Martin Tétreault, Minibloc,
and Andrew Lile

Ace Art Gallery, April 12, 2007
Send and Receive, Winnipeg

Established in 1998, Send and Receive “investigates the disciplines of experimental music and sound art” (www.sendandreceive.org) and uses a variety of venues in which to present their curated events.  The concert documented on this video took place at Ace Art Gallery in Winnipeg. Minibloc, a young electronic music duo from Montreal, performed along with two titans of the genre, Martin Tétreault (Montreal) and Andrew Lile (UK) in an evening curated by Eric Mattson (Montreal, founder of ORAL Records). The audience was partially seated and partially mobile, and were invited to experience the performances up-close and personal. The following excerpts from my field notes describe some of the elements of electronic music performance practice and reception that I witnessed at Send and Receive. 

Field Notes April 13, 2007 (excerpt)
By Ellen Waterman

The concert that I documented last night was curated by Eric Mattson, as a "sound curator" from Montreal, who became very much a performative element in these performances throughout the festival leading up to his own event. He made several announcements and was somebody who, when he sat and listened to music, was much more physically engaged in the listening than anyone else I could see around me: swaying and bobbing with extreme kinds of physical responses, leaning over in his chair, and swaying his head back and forth in a kind of trance.

…The show was advertised to start at 8:00, and there was almost no one there at 8:00. In truth, it started at 9:15. The audience seemed to somehow know that this was the right time for a show to start because it built: from around 8:15 up until about 9:00, the people were arriving for the show. There were several people documenting the show last night, including…a woman who had been hired by Eric Mattson to document the events of last night specifically for his archive. I was allowed to videotape Minibloc and also a late night (very late night: about 1:00 a.m.) jam: a short improvisation of about seven minutes amongst all the performers of that evening including Martin Tétreault, and also Andrew Lile, who was the headlining artist from the UK for the evening.

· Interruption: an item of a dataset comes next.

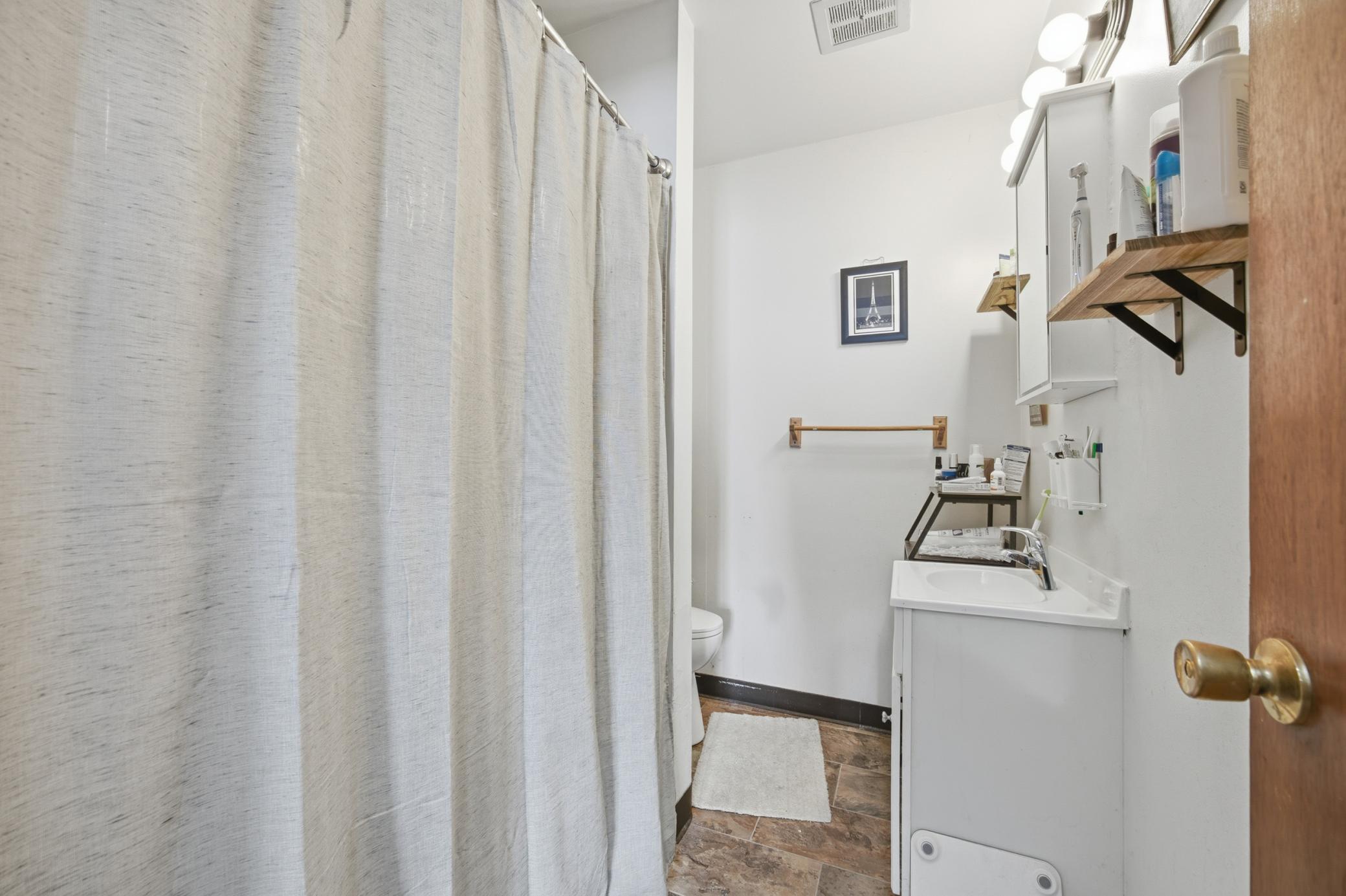 Unit 613 Bathroom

…Most of the audience was between 20 and 30: not super-young kids, and not middle-aged or older audience members. I would say that it was overwhelmingly Caucasian, and that the mix between men and women--there might be more men, but not overwhelmingly so: maybe 60 per cent men and 40 per cent women. One of the producers of the festival, Ted Turner, told me that there are people he sees for Send and Receive every year that he doesn't know; they're not members of the artistic community in Winnipeg that he would normally encounter, but he sees them every year at the festival.